WORK INSTRUCTION: All of the data should be reproduced word for word, though its pictures must be omitted.

EXERCISE DATA:
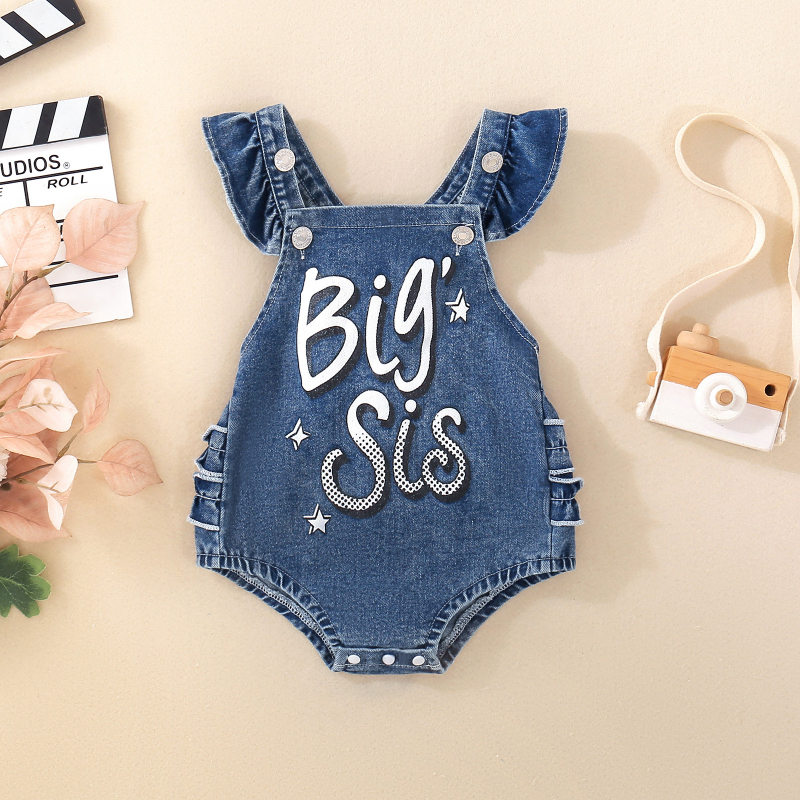 Dvojdielna súprava s potlačou anglickej abecedy pre dojčatá a dievčatá cezhranične, džínsové popruhy, priedušná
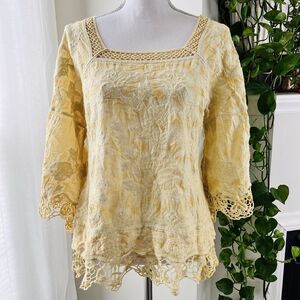 Democracy Yellow Lacy Boho Earthy Gypsy Crochet Trim Cotton Blouse - Small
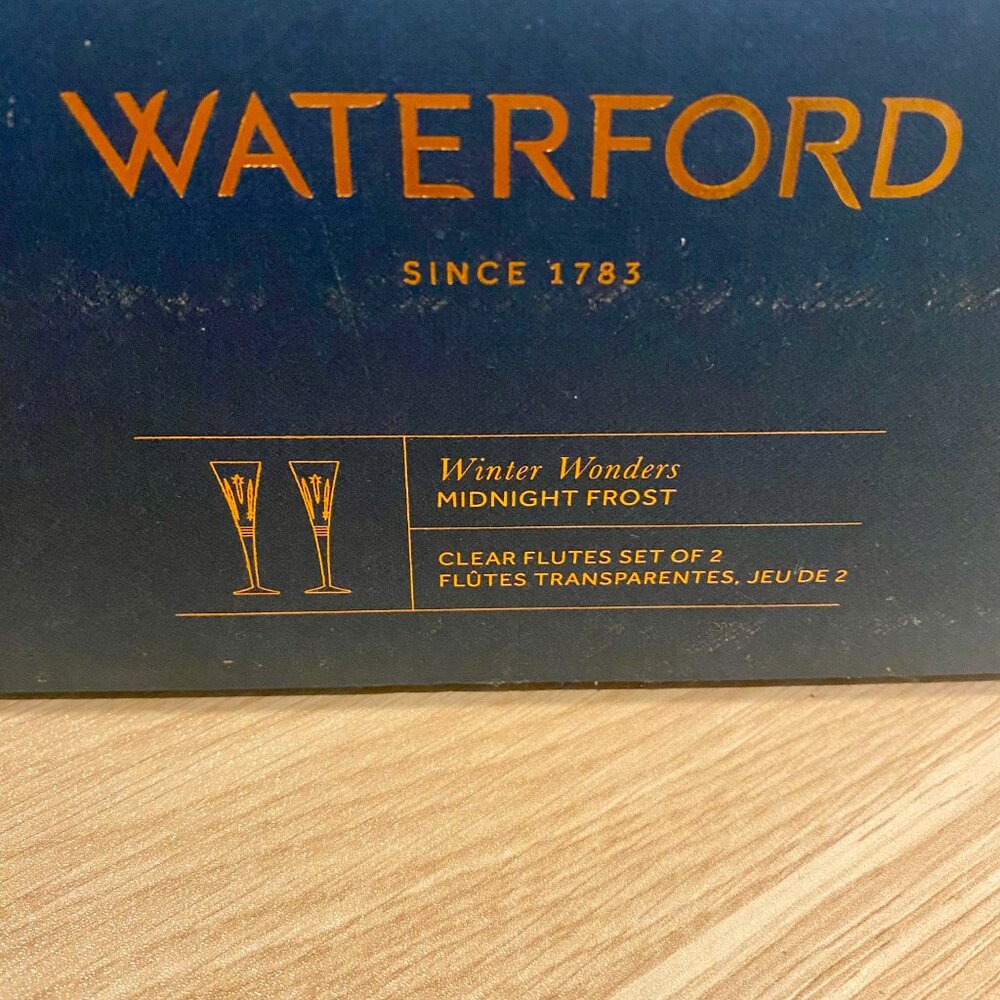 Waterford Crystal Winter Wonders: NEW Pair Midnight Frost Toasting Flutes, 11" - Picture 16 of 16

FINISHED EXERCISE:
 Dvojdielna súprava s potlačou anglickej abecedy pre dojčatá a dievčatá cezhranične, džínsové popruhy, priedušná
 Democracy Yellow Lacy Boho Earthy Gypsy Crochet Trim Cotton Blouse - Small
 Waterford Crystal Winter Wonders: NEW Pair Midnight Frost Toasting Flutes, 11" - Picture 16 of 16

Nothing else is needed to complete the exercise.